Yes, I mean we've been accused of being conservative with our guidance in the past particularly on this guidance. So, hopefully that proves to be the case this time around because loan balances are continuing to grow. We're not really factoring in ongoing loan balance. This is more of a snapshot type view in terms of what the full run rate of rate changes would be to both the BDP fees and NII. And so, to your point, balances can increase throughout the quarter whether it’d be cash balances but hopefully more loan balances and that could offset some of the reduction in rate and the sensitivity around that. And I just gave you the breakout of the deposits that are higher yielding and higher deposit beta versus the ones that are lower yielding lower deposit beta. And so that's kind of what went into our math.

Steven Chubak

Analyst · Wolfe Research. Please go ahead.

Understood. And for a follow-up just on, I wanted to drill down to some of the earlier comments you made on net new asset growth in the pipeline. For both you and industry peers, this past year we did see the moderation in industry flow trends. I understand you struck a positive tone in terms of the pipeline of new advisors but just trying to gauge what drove the slowdown in industry growth, whether we should interpret the comments on the pipeline as supportive of an acceleration in that flow rate? And which channels are seeing the fastest growth across the platform given the omnichannel offering?

Paul Reilly

Management

It depends on how you want to look at it in our RIA part RCS, it's by far the highest percentage growth and is consistent with industry trends and that's been growing quickly. If you look at total dollars and this goes back and forth a couple of years ago, it was independent this year the employee channel really led the way. And it's -- we used to have -- independents grow faster than down markets, I mean in up markets and employees and slow markets. We don't see that trend anymore. It's really just where we can meet the teams that like an affiliation option. And so, employee led the way. I actually think that we'll get some improvement in the independent contractor model, because it's just cyclical. And the employee size seems to have a very good backlog as does RCS. So, we're encouraged. But it's a process both to get people to commit and then get people in the door. So we can never predict the timing but we're encouraged even with the great results that we could do better.

Steven Chubak

Analyst · Wolfe Research. Please go ahead.

Helpful color. Thanks for taking my questions.

Operator

Operator

Your next question comes from the line of Alex Blostein with Goldman Sachs. Please go ahead.

Alex Blostein

Analyst · Goldman Sachs. Please go ahead.

Hey, guys. Good afternoon and Butch welcome to the call as well. I wanted to follow-up to Steve's question around cash trends. Is it possible to unpack sort of sources of growth you saw in the third quarter, your fiscal fourth quarter across the cash stack, and curious whether it is really kind of abating of the sorting? Or are you starting to see more cash coming on to the sidelines as net new assets coming in?

Paul Shoukry

Management

I mean we continue to grow a lot as a business. And as we grow and bring on new advisors they bring on their clients, they're going to bring on their clients cash balance. And so -- and that's been happening throughout the last couple of years has just been masked by the fact that there's been a lot of reinvestment activity.
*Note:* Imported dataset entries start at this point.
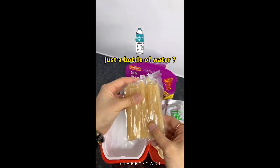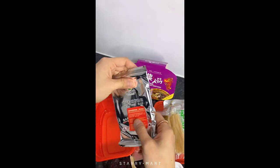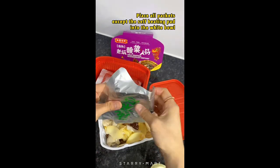Would you be surprised if you just need a bottle of water to get your meal done? This self-heating hot pot contains all you need, including a veggie packet, a noodles packet, a konjac packet, and soup base.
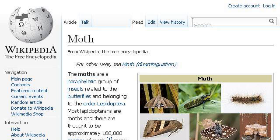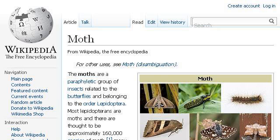Last but not least, try our 3rd ranked site www.en.wikipedia.org, the web page 'Moth' — Wikipedia, the free encyclopedia. This is the link. Through the back of the site www.infonet-biovision.org.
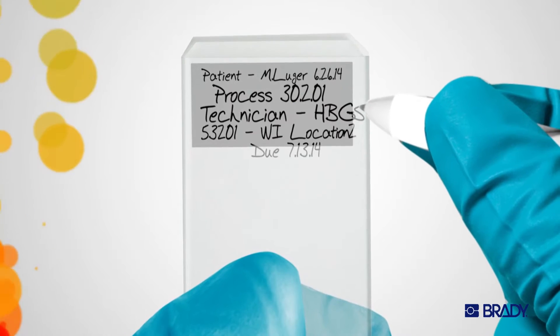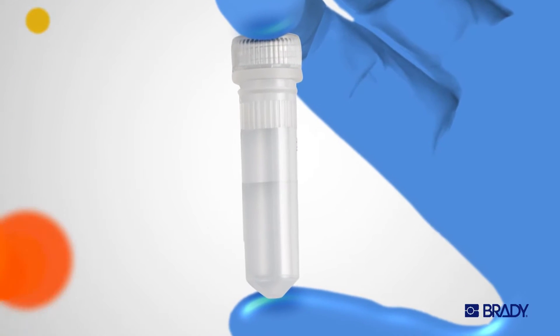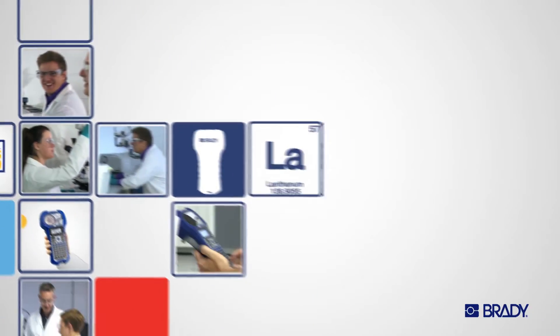Pens aren't perfect. You can't write everything you need, it's tough to read, and sometimes it just disappears. That shouldn't impact the integrity of your lab.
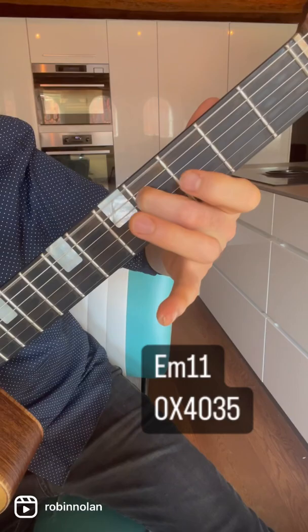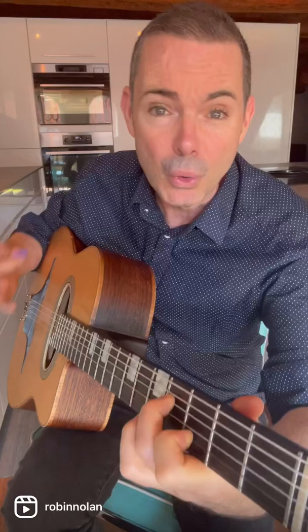You've got the chord: open E, F sharp, G, D, A — E minor 11 — and then you just throw it into the melody there and really dwell on it and it will sound gorgeous. If you'd like to learn the whole Nuage arrangement, go to the Gypsy Jazz Club and look for the Nuage course.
And so, as that reinvestment activity decelerates and subsides then you're going to start seeing the pure -- the growth coming in from the addition of advisors and their clients.

Alex Blostein

Analyst · Goldman Sachs. Please go ahead.

Yes. That makes sense. So your point is kind of like look from this point on like your cash balances are likely to grow and trend more in line with net new assets like we've seen in the past?

Paul Shoukry

Management

Well, you took my comments a couple of steps further but I'm not sure we're willing to declare a total end to the cash reinvestment but that's the dynamic that you've seen over the last, call it, four to six quarters as that dynamic has decelerated.

Alex Blostein

Analyst · Goldman Sachs. Please go ahead.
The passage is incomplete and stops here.